• _What you will do_: Set down the listing exactly as given, minus images.

• _Raw data_:
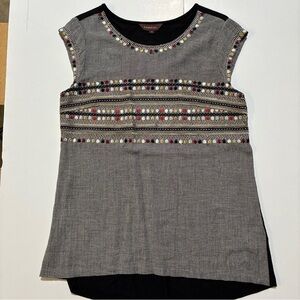 Ranna Gill Embellished Gray Top Ss small boho must have!!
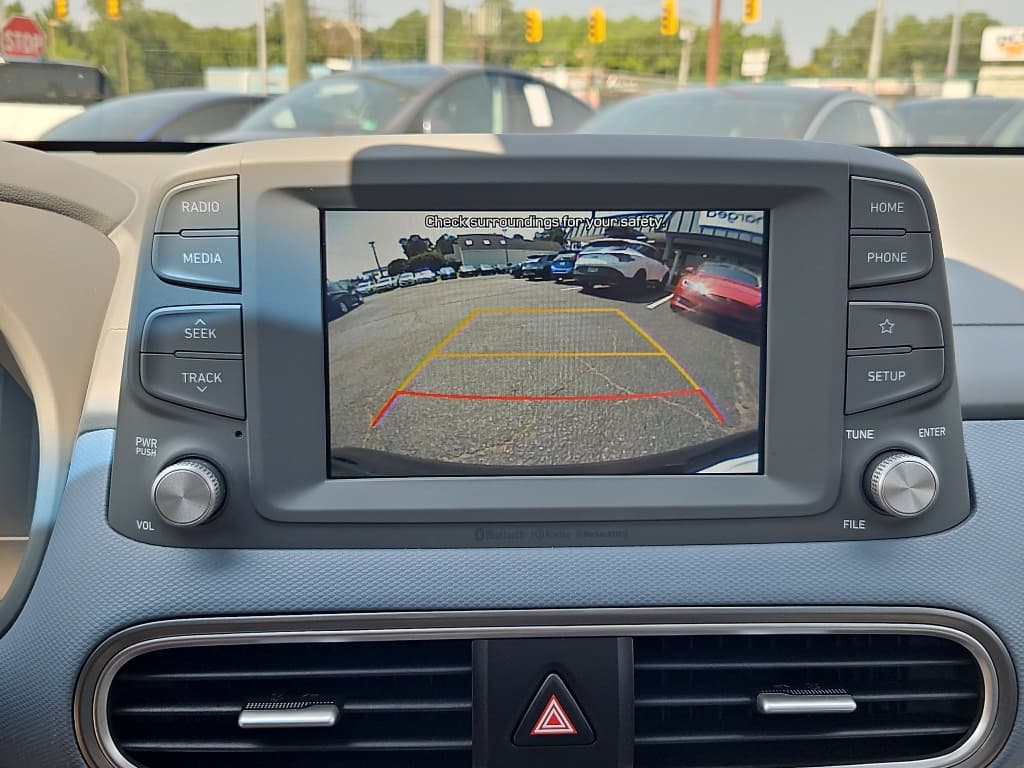 2021 Hyundai Kona EV view 12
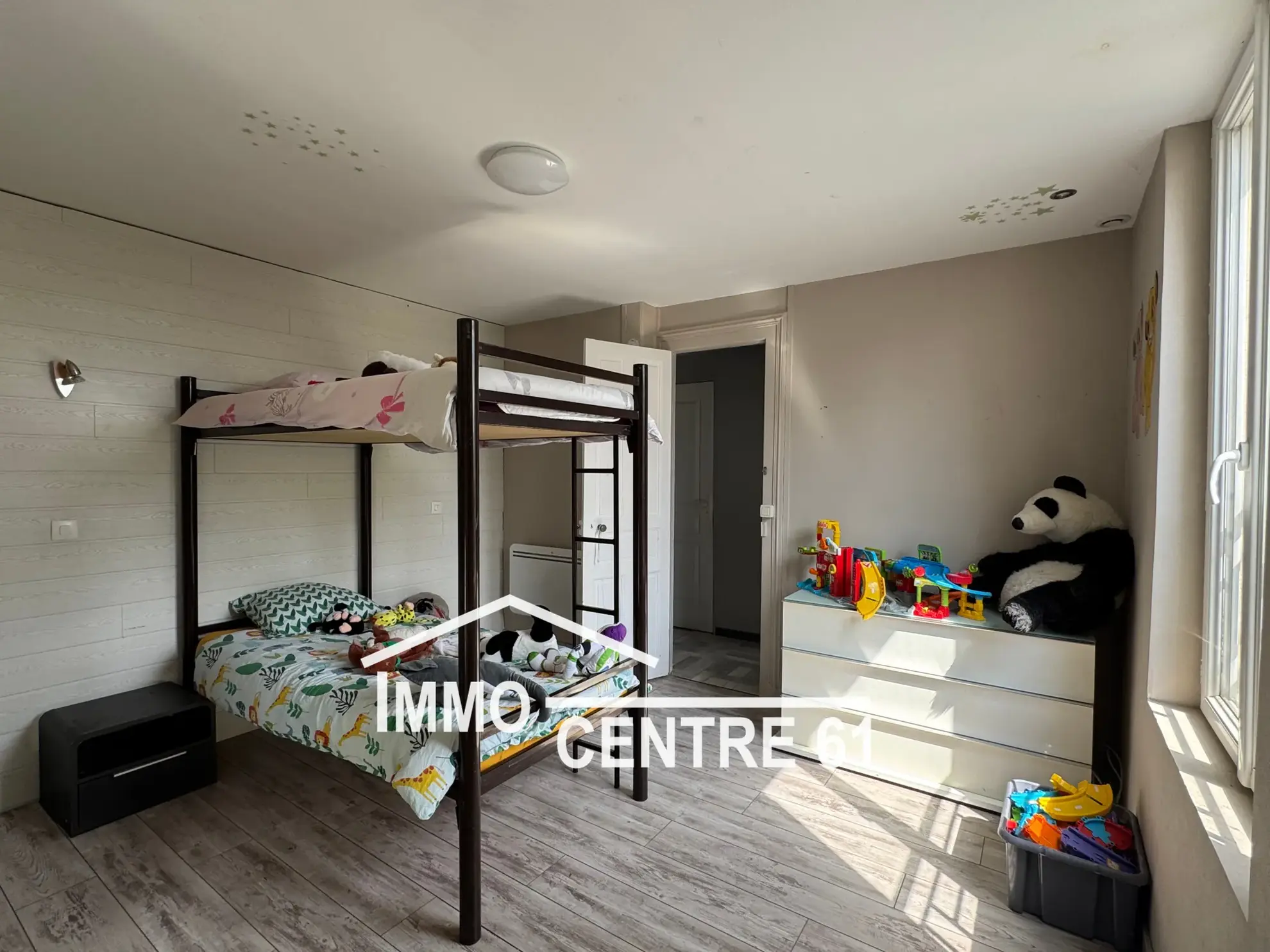 Vaste maison avec gîte potentiel à Carrouges - 4 chambres et jardin sans vis-à-vis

• _Reply_:
 Ranna Gill Embellished Gray Top Ss small boho must have!!
 2021 Hyundai Kona EV view 12
 Vaste maison avec gîte potentiel à Carrouges - 4 chambres et jardin sans vis-à-vis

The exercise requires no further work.